Este fin de semana pasado, en el Festival cordillera de Bogotá, un festival que precisamente se apalanca de la nostalgia y de géneros que no terminan de tener identidad para vender boletos, apareció el samario y entre su repertorio le pareció buena idea destruir la canción de Queen “We will Rock You” y no solo en la parte musical sino en el adefesio del estribillo “viva el vallenato”. Y aunque ya lo había hecho en otros escenarios, en Colombia esto tiene una connotación diferente, porque pasa en un lugar en donde el rock ha sido reemplazado por una doctrina, una dictadura musical y la gente lo celebra, porque sí, porque ese es el rock de mi pueblo. Ese mismo Rock de mi pueblo en donde Diomedez Díaz era un “rockstar” según varios periodistas y la terquedad de personajes ignorantes como los curadores de varios festivales públicos y privados que le enseñaron a Colombia que el rock es una caricatura, que es un acto bufonesco y que no se puede tomar en serio, lo vemos cada año en rock al parque donde algunos salen con actos de carnaval para decir que es rock.

Cuando Vives habla del “rock de su pueblo” como si fuera algo lejano, olvidado o no digno, desprecia sin saber las miles de bandas que luchan por un espacio en Colombia, que no viven de la nostalgia ni del marketing barato. El rock de mi pueblo son cada uno de esos músicos invisibles, no un producto empaquetado y vendido como mercancía a golpe de éxitos comerciales.

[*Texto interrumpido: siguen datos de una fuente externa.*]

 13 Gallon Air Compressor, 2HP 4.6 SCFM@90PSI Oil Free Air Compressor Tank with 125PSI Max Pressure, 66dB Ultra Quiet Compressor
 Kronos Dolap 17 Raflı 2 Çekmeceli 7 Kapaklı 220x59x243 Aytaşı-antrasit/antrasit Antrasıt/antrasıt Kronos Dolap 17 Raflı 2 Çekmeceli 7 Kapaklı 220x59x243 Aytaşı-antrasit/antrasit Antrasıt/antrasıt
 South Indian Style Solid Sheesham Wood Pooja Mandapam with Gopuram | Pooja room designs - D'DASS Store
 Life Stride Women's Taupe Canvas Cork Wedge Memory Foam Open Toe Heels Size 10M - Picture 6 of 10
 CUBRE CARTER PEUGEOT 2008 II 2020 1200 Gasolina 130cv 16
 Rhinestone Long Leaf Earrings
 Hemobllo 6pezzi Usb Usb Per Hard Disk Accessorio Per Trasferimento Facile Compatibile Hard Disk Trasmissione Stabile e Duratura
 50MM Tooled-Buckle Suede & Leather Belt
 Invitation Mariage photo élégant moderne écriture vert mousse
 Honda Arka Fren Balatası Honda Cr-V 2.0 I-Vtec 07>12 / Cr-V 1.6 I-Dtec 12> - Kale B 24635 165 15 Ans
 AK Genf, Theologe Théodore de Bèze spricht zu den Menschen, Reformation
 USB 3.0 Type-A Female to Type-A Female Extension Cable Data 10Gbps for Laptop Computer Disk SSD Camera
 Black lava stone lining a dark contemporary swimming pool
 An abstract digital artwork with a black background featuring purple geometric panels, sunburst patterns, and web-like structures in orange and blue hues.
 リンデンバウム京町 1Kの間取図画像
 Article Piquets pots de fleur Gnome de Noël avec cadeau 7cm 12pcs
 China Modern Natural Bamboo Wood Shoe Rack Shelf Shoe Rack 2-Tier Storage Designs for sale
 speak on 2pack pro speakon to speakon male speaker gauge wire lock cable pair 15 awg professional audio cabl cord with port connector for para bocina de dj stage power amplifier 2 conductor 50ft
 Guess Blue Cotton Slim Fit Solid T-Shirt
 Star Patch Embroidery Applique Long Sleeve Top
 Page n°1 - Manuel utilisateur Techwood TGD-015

Pueden ver el aparte de la presentación acá: https://www.facebook.com/reel/1091531683187577

Eso que llamaron “el rock de mi pueblo”, esa insistencia absurda, eso no es rock, es puro circo. Es el reflejo de una industria y una cultura que han permitido que la esencia rebelde, contestataria y auténtica del rock se diluya en un mercado de nostalgia decreciente y en performances de bajo nivel artístico. La música se convierte en un trámite, en una farsa que se vende fácil para llenar estadios y alimentar egos. Pero bien… eso es ¿no? pan y circo.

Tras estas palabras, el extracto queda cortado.